George Chinnery – Forte de São Francisco com o Fortim de S. Jerónimo em 2.º plano e ao longe, o Forte da Guia, 1833

«Depois do jantar, olhando pela janela, vi um dos barcos da Companhia (East Ìndia Company) com o sol brilhando sobre as suas bem enfunadas velas. Como desejei possuir o talento para a pintura de sr. Chinnery, (1) a fim de poder esboçar para ti a linda vista que tinha diante de mim, a grande e elegante igreja, branca de leite, com uma esplêndida escadaria de pedra e cercada de árvores e arbustos (Igreja do Convento de S. Francisco). (2)

George Chinnery – Degraus da Igreja de S. Francisco , c. 1835-38
George Chinnery  – Mosteiro/ Convento e Fortaleza de S. Francisco, c. 1833-38

Pouco além, a fortaleza (de S. Francisco), (3) e a baía alongando-se. Ainda mais além, podem-se ver os barquinhos, resvalando-se sobre a superfície das águas do rio. À distância, podem-se discernir duas elevadas ilhas e um lindo barco, desmandando a sua tal alvejada pátria. Um porco mais longe está um pequeno barco europeu, navegando a toda a vela e, à vista, uma quantidade de barcos chineses.
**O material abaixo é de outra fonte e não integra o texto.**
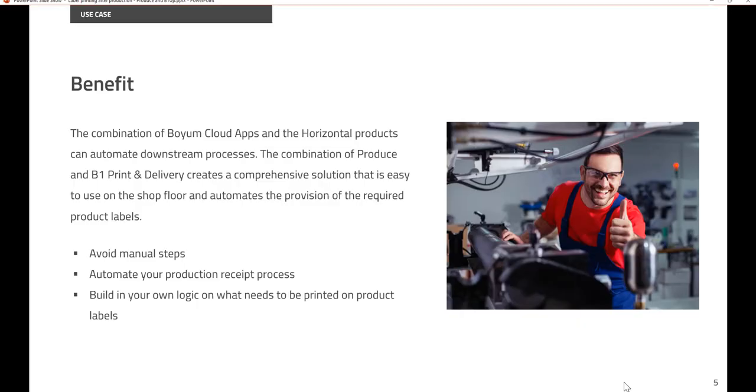So what are the benefits? With the Boyome Cloud apps and the horizontal product, you can automate everything. No more manual steps, no more room for errors. Everything is automated and it really helps you to automate your flow, your workflow.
Pode agora imaginar quão agradável á a vista que gozamos do nosso terraço? (4)

E agora estou aqui sentada no meu quarto a lutar contra os mosquitos. A cada meio segundo, ponho a pena na boca, enquanto me esforço por cometer assassinatos. Os cúlis estão a “dormir bem audivelmente” debaixo do meu quarto. Não conheço ninguém que ressone tão fortemente como eles. A tia Low tem mandado lá abaixo alguém, muitas vezes, às tardes a virá-los” (5) (6)
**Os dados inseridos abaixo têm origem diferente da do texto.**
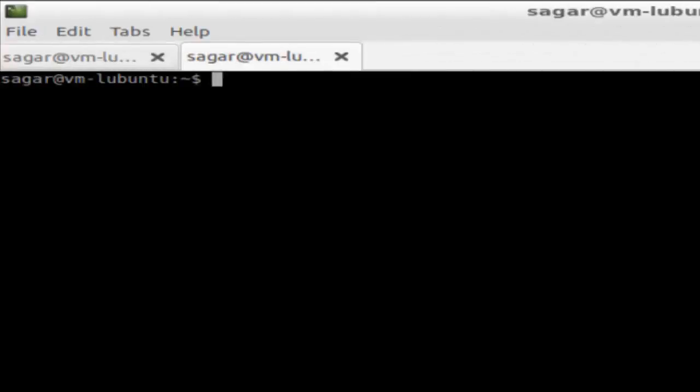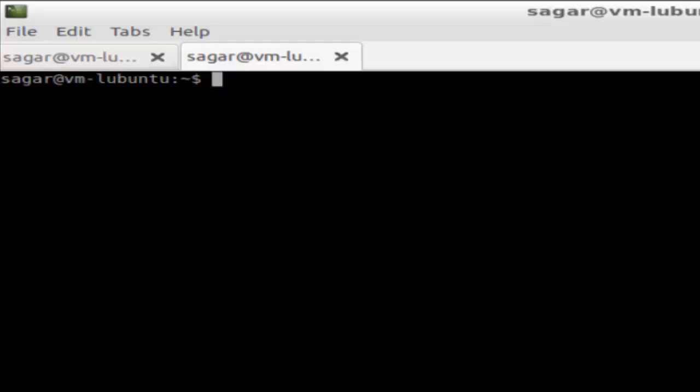Hi there, in this video I'm going to explain the type command in Linux. The type command is used to find the type of a command.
George Chinnery – Mosteiro de S. Francisco e Fortaleza d Guia ao longe, c. 1835-38

(1) George Chinnery, pintor inglês, nascido a 05.01-1774 e falecido em 30-05-1852. Ver anteriores referências em: https://nenotavaiconta.wordpress.com/tag/george-chinnery/

(2) A igreja com a sua elegante escadaria de pedra e o convento foram demolidos em 1864. Na mesma data foi completamente destruída a fortaleza e levantada outra, de que sé resta o muro exterior. No lugar do convento surgiu o quartel que foi concluído em 1866. Quatro colunas salomónicas e o altar do Crucifixo foram parar à Igreja do Seminário de S. José, onde ainda hoje se podem admirar. (6)
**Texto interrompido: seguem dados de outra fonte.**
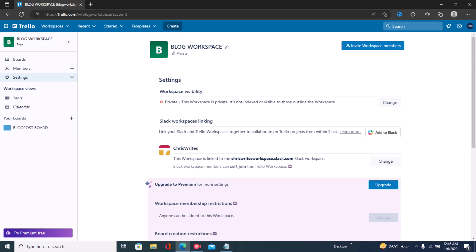So that's how to link your Slack to Trello. Always make sure you're logged into Slack before you click on 'Add to Slack.'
TA-SSI-YANG-KUO, Volumes I e II, 1899

(3) “… dali (da Fortaleza da Guia) volta o muro para o sul em direitura ao convento de S. Francisco, e antes de chegar a ele tem hua porta que cahe para o mar , a qual se fecha todas as noites. Está a Fortaleza de S. Francisco pegada ao convento, que te hu postigo na cerca dos Frades, e da parte de dentro a porta da Fortaleza tem hua peça de 40 libras de bronze invocada N. Snra. De Loreto, outra peça de 20 libras de bronze invocada N. Snra. do Rozario , segue-se outra peça de 18 libras de bronze, e vindo correndo o pano de muro para a p.te da Cidade, e praya grande que acaba no princípio da Povoação da Cid.e, aonde tem hua porta que sahe para o rocio (7) de S. Francisco” ( Padre José Montanha – Apparatos para a Historia de Macau”) (6) (8)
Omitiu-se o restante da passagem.